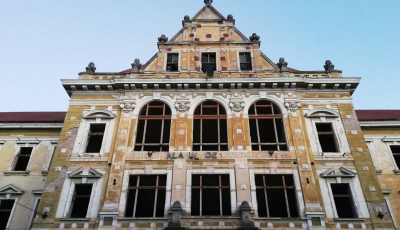 Reabilitarea Palatului de Justiție Sibiu: lucrările stagnează cu aproape 4.000 de euro pe lună, paza ruinei. Plus peste 70.000 de euro, chiria. Ministerul vrea să ridice clădiri noi în curtea clădirii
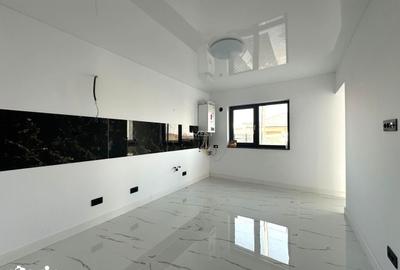 Casă cu 4 camere cu Teren 300 Mp în Rediu - 11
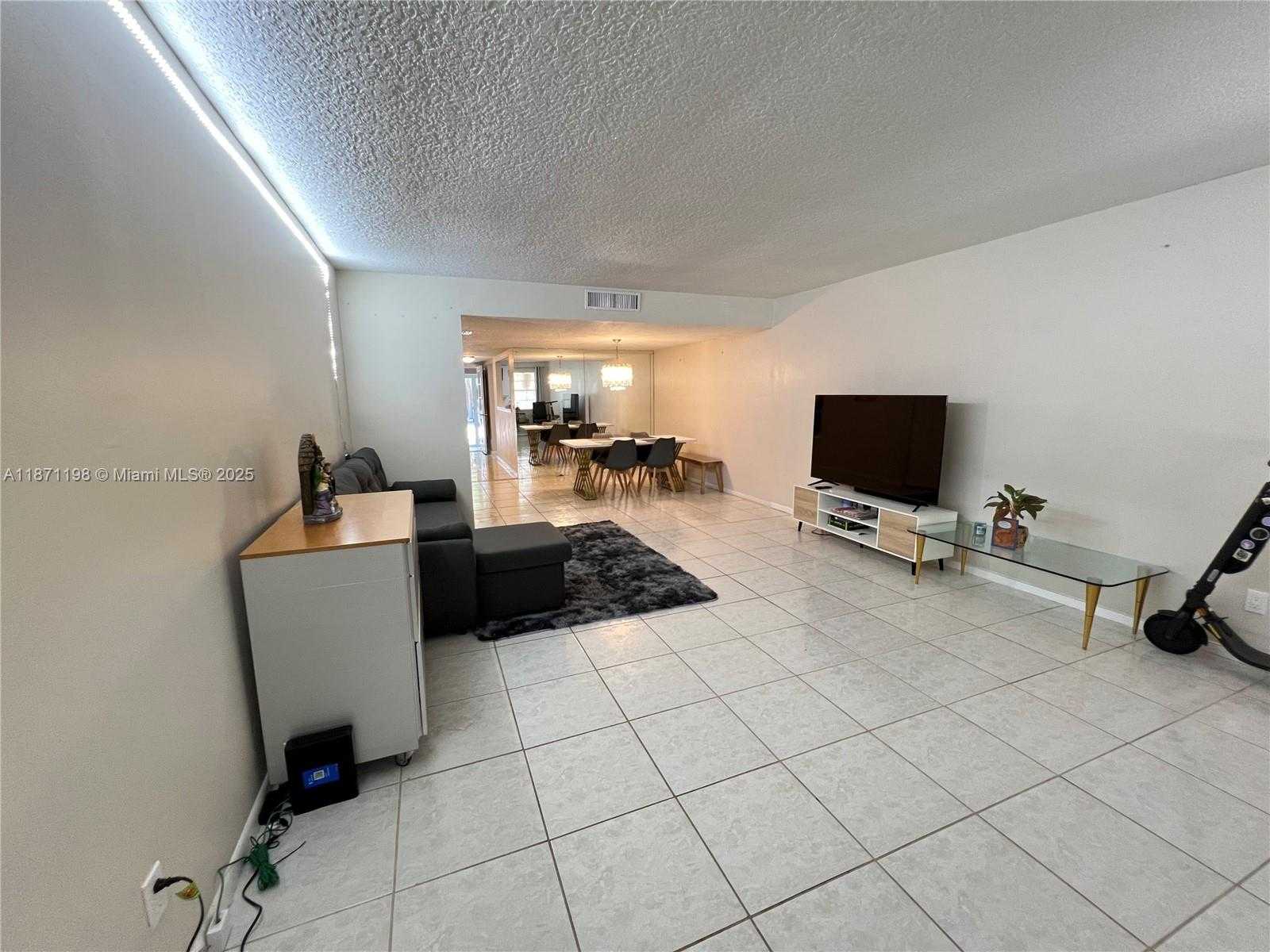 Small Image of 1325 NORTH 15TH AVE #23, Hollywood Number 3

◆ **Directions for this task**: The expected output is an exact copy of the lines from the one holding "Casă cu 4 camere" through the last line of the listing above, with the pictures omitted.

◆ **Reply**:
 Casă cu 4 camere cu Teren 300 Mp în Rediu - 11
 Small Image of 1325 NORTH 15TH AVE #23, Hollywood Number 3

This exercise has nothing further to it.